Up to and including the line that holds "Sales of COHERENT OPSL modules 2016", copy every line of the records below exactly, starting at the first; leave pictures out.
[Opening SOURCE RECORDS section]
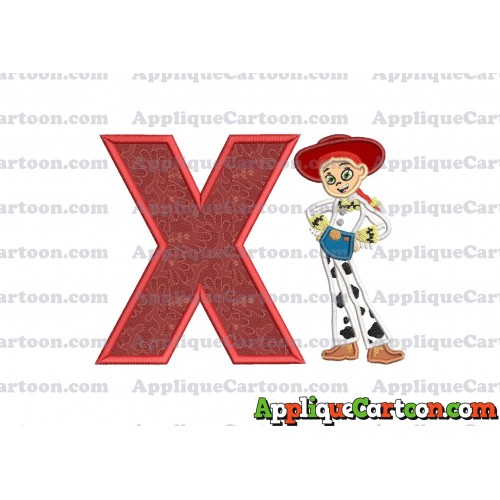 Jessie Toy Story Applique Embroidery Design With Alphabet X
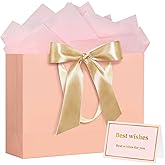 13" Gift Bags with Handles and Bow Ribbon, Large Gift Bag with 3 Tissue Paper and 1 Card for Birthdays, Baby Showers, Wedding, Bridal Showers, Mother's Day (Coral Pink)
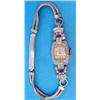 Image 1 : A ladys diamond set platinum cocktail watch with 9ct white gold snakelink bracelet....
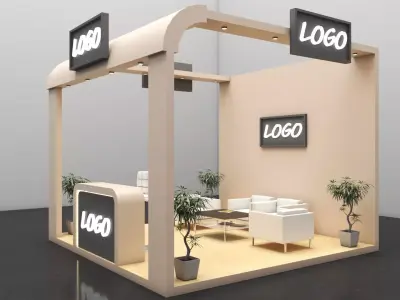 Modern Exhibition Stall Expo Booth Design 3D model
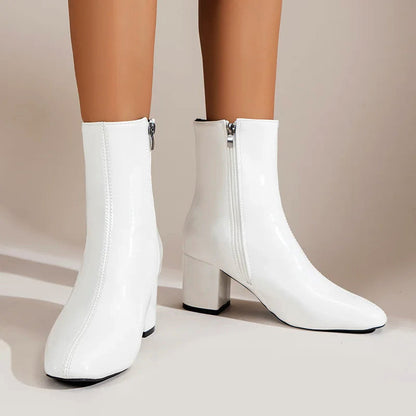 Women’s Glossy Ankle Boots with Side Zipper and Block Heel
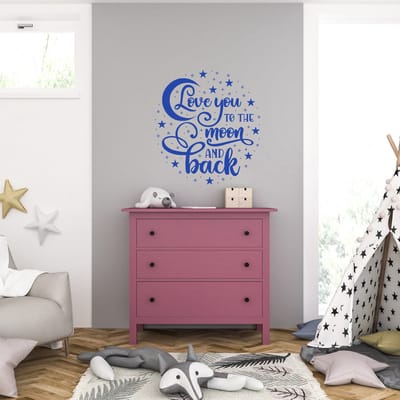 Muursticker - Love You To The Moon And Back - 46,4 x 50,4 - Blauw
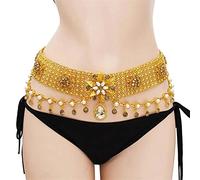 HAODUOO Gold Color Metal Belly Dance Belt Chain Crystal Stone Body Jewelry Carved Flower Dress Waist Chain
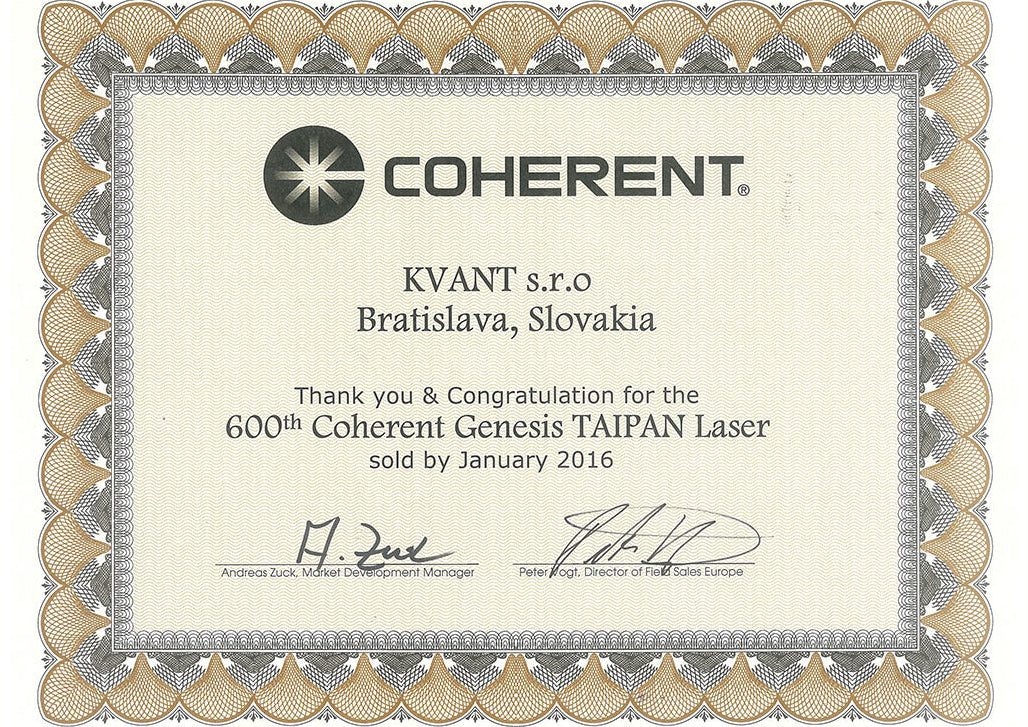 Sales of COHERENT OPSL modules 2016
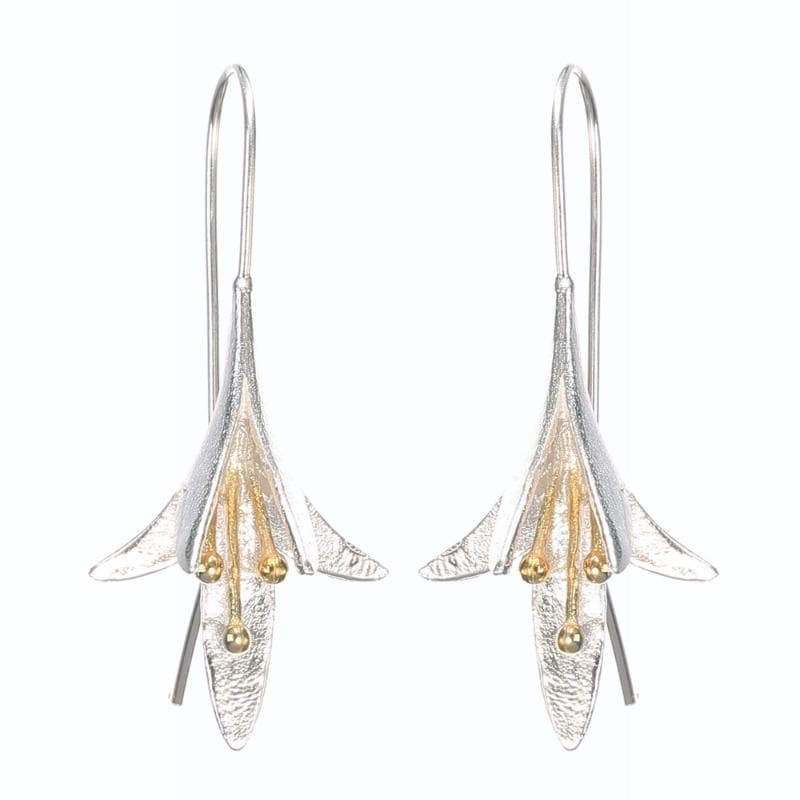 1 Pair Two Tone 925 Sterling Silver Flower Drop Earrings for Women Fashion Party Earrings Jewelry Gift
[Closing SOURCE RECORDS section]
# THE ANSWER
 Jessie Toy Story Applique Embroidery Design With Alphabet X
 13" Gift Bags with Handles and Bow Ribbon, Large Gift Bag with 3 Tissue Paper and 1 Card for Birthdays, Baby Showers, Wedding, Bridal Showers, Mother's Day (Coral Pink)
 Image 1 : A ladys diamond set platinum cocktail watch with 9ct white gold snakelink bracelet....
 Modern Exhibition Stall Expo Booth Design 3D model
 Women’s Glossy Ankle Boots with Side Zipper and Block Heel
 Muursticker - Love You To The Moon And Back - 46,4 x 50,4 - Blauw
 HAODUOO Gold Color Metal Belly Dance Belt Chain Crystal Stone Body Jewelry Carved Flower Dress Waist Chain
 Sales of COHERENT OPSL modules 2016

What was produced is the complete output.